◆ Your objective ◆
Please repeat every entry exactly as given, apart from dropping the images.

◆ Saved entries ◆
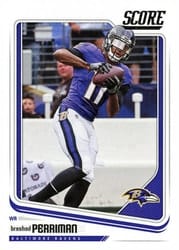 2018 Score Base Set Breshad Perriman #30 card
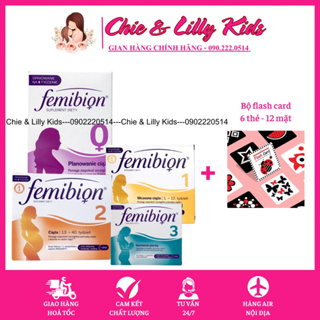 FEMIBION-Vitamin tổng hợp cho bà bầu số 0,1,2,3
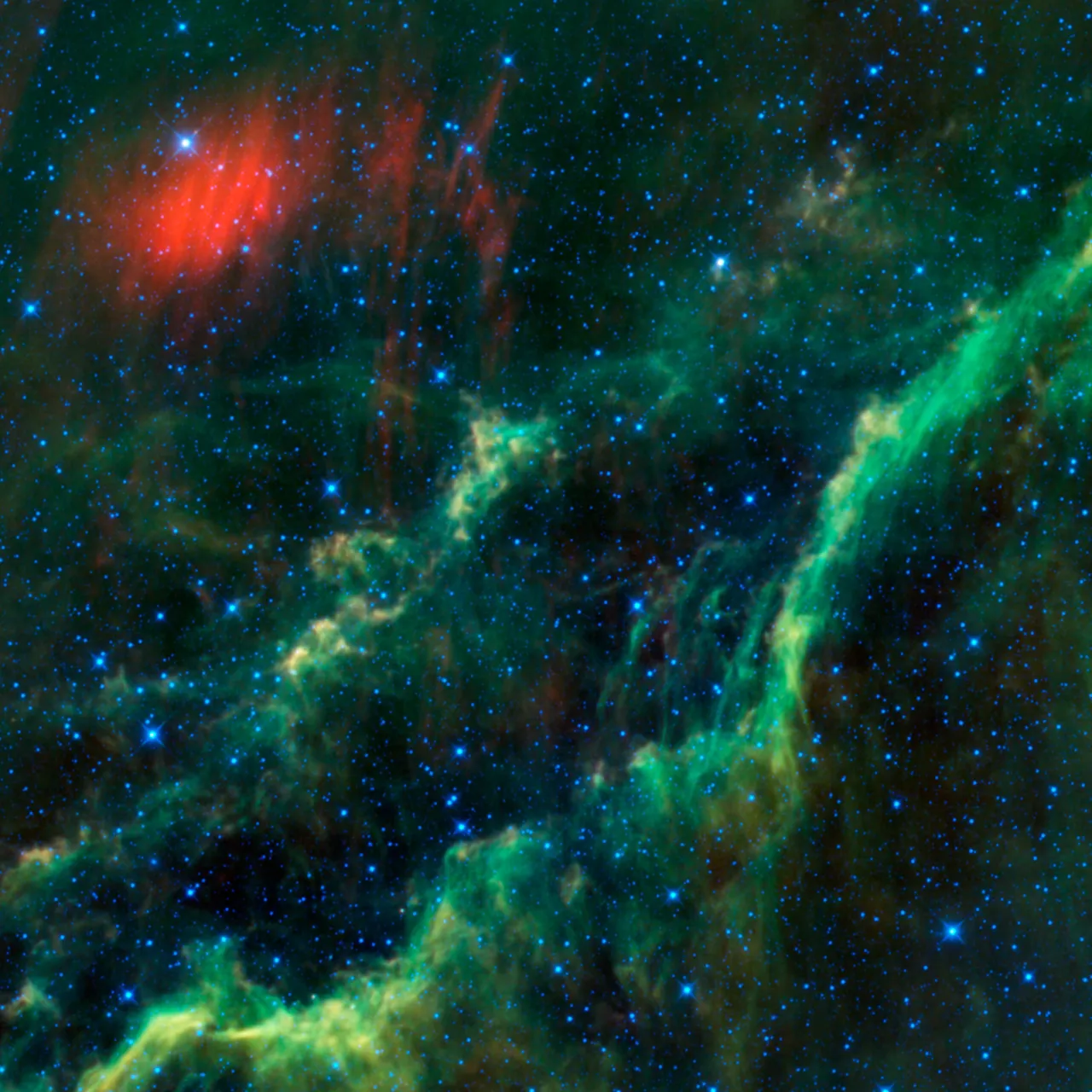 Menkhib and the California Nebula – teal and black square wallpaper, 4095×4095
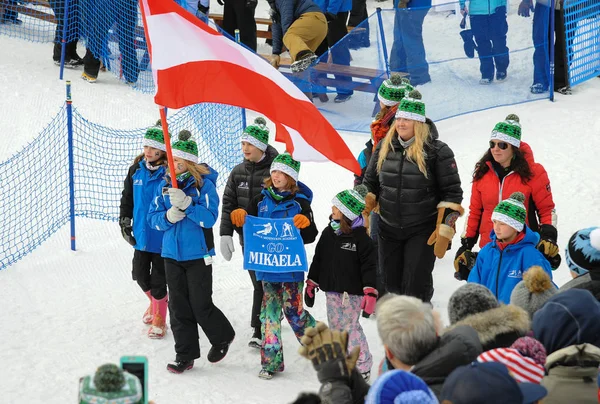 Killington Stany Zjednoczone Ameryki Listopada Otwarcie Parady Wykończenie Powierzchni Dolnej — Zdjęcie stockowe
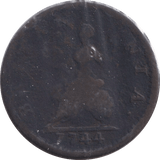 1744 FARTHING ( NF ) - SHILLING - Cambridgeshire Coins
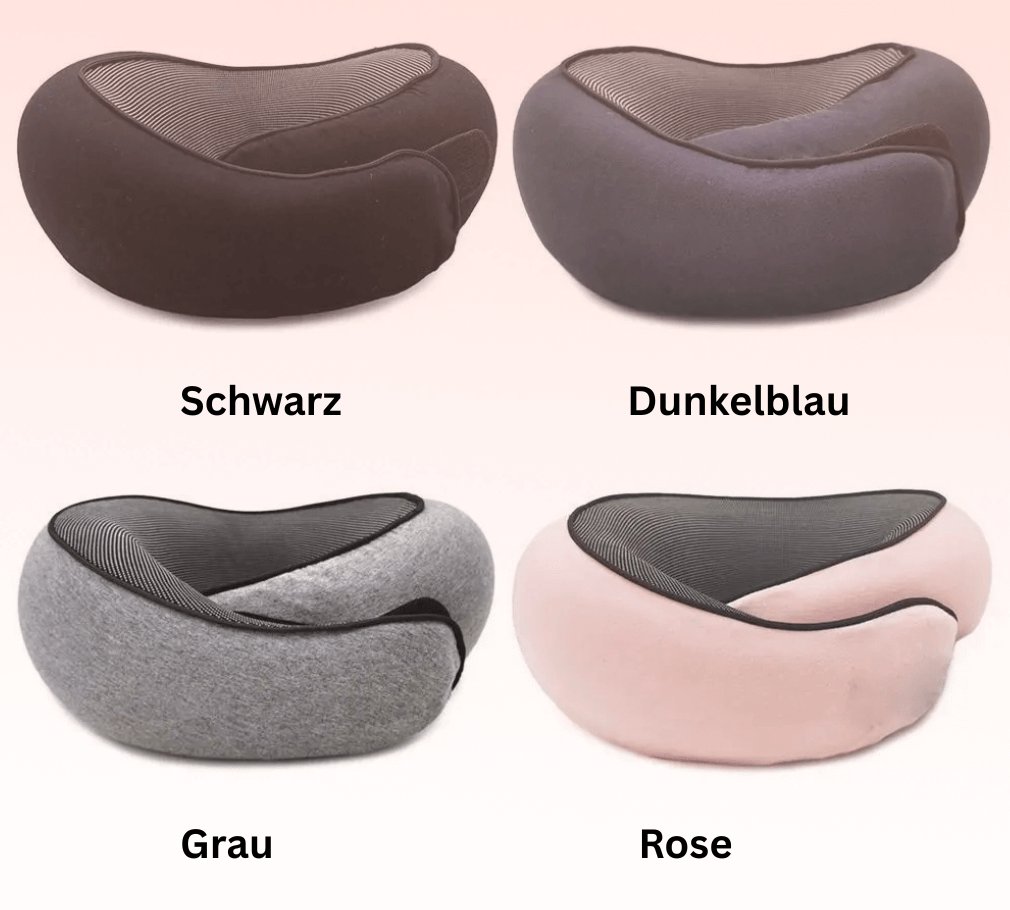 Weiches Nackenkissen - 360° Unterstützung für Deinen Nacken
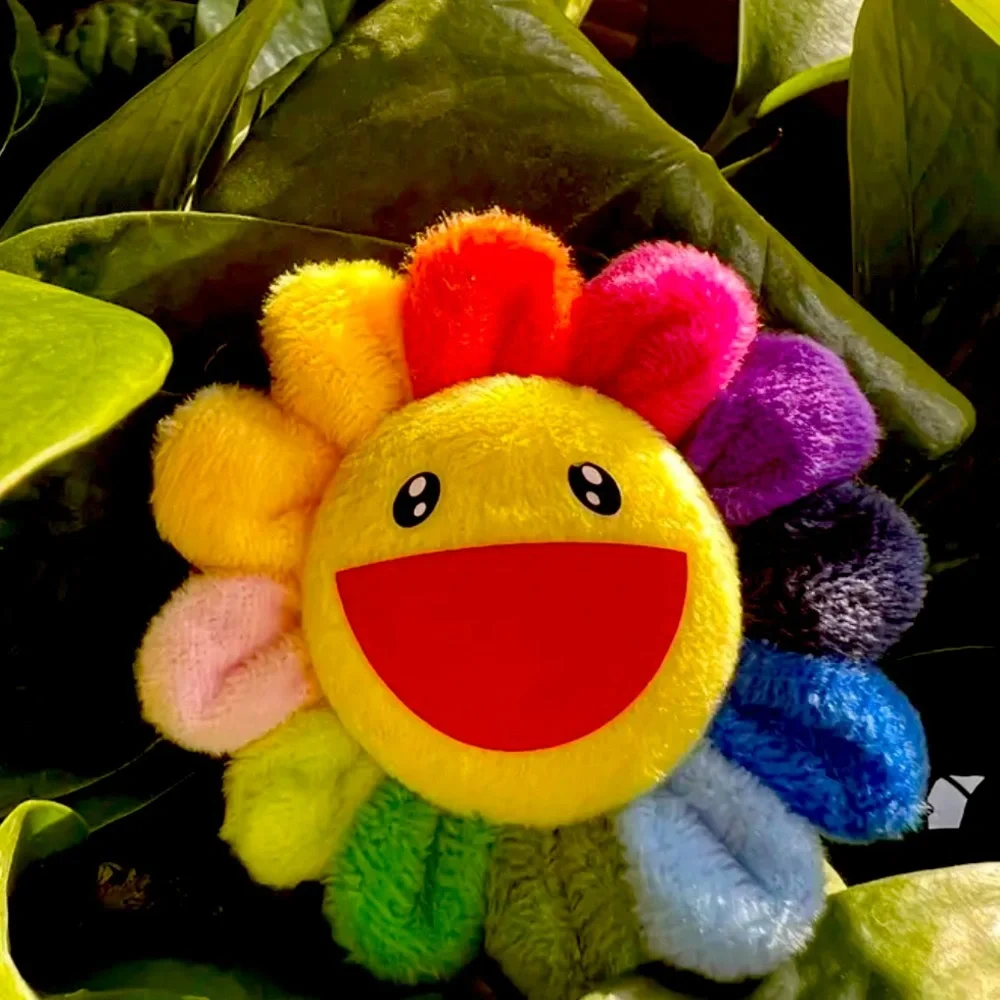 Takashi Murakami Flower Plush Pin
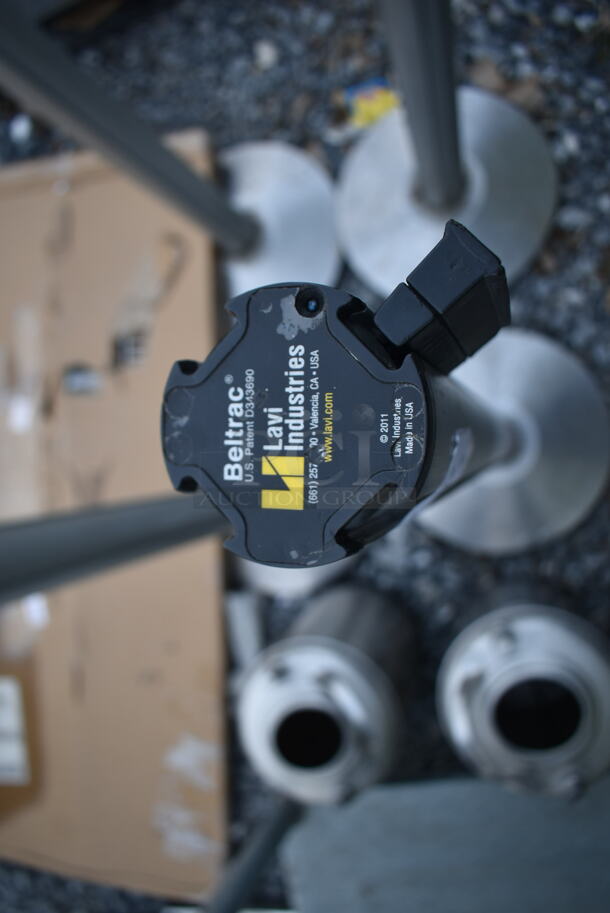 4 Beltrac Stanchions. 4 Times Your Bid! - Image 3 of 3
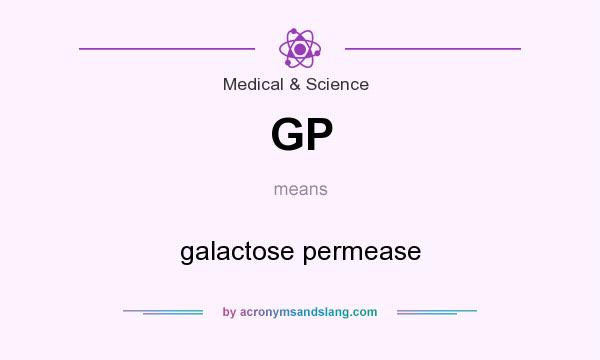 What does GP mean? It stands for galactose permease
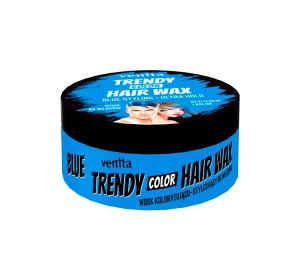 VENITA TRENDY COLOR HAIR WAX – FARB- UND STYLINGWACHS FÜR DAS HAAR, BLAU, 75 G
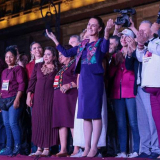 Claudia Sheinbaum el 2 de junio en el Zócalo de la CDMX (Foto: Prensa Claudia Sheinbaum)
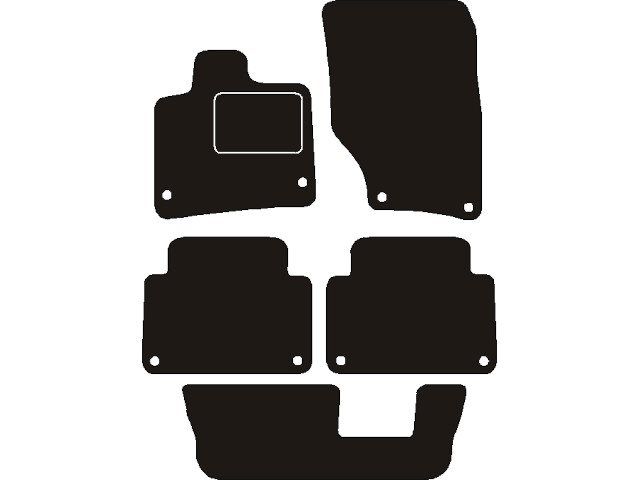 MATTENSET NAALDVILT (ZWART) AUDI Q7 2006 - 2016 7 PERSOONS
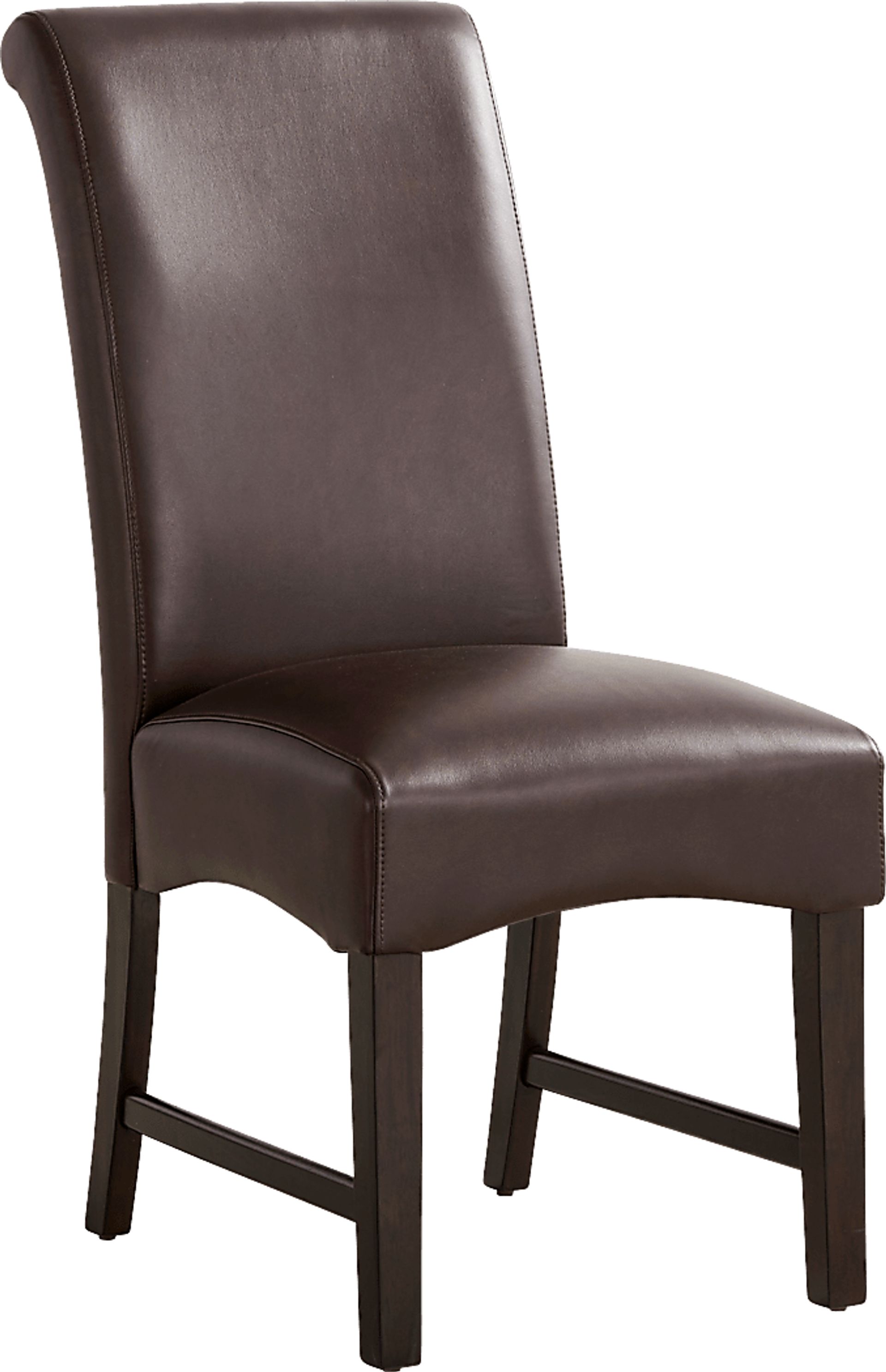 Ciara Espresso 5 Pc Round Dining Room with Chocolate Chairs - Image 3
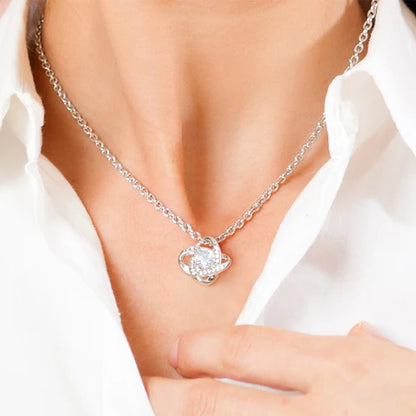 "To My Daughter" | Necklace with Love Knot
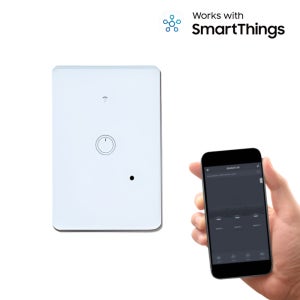 스마트싱스 IoT 전등스위치 - 홈 조명 리모컨지원 원격제어 불끄기 지그비 허브필수 1구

◆ Response area ◆
 2018 Score Base Set Breshad Perriman #30 card
 FEMIBION-Vitamin tổng hợp cho bà bầu số 0,1,2,3
 Menkhib and the California Nebula – teal and black square wallpaper, 4095×4095
 Killington Stany Zjednoczone Ameryki Listopada Otwarcie Parady Wykończenie Powierzchni Dolnej — Zdjęcie stockowe
 1744 FARTHING ( NF ) - SHILLING - Cambridgeshire Coins
 Weiches Nackenkissen - 360° Unterstützung für Deinen Nacken
 Takashi Murakami Flower Plush Pin
 4 Beltrac Stanchions. 4 Times Your Bid! - Image 3 of 3
 What does GP mean? It stands for galactose permease
 VENITA TRENDY COLOR HAIR WAX – FARB- UND STYLINGWACHS FÜR DAS HAAR, BLAU, 75 G
 Claudia Sheinbaum el 2 de junio en el Zócalo de la CDMX (Foto: Prensa Claudia Sheinbaum)
 MATTENSET NAALDVILT (ZWART) AUDI Q7 2006 - 2016 7 PERSOONS
 Ciara Espresso 5 Pc Round Dining Room with Chocolate Chairs - Image 3
 "To My Daughter" | Necklace with Love Knot
 스마트싱스 IoT 전등스위치 - 홈 조명 리모컨지원 원격제어 불끄기 지그비 허브필수 1구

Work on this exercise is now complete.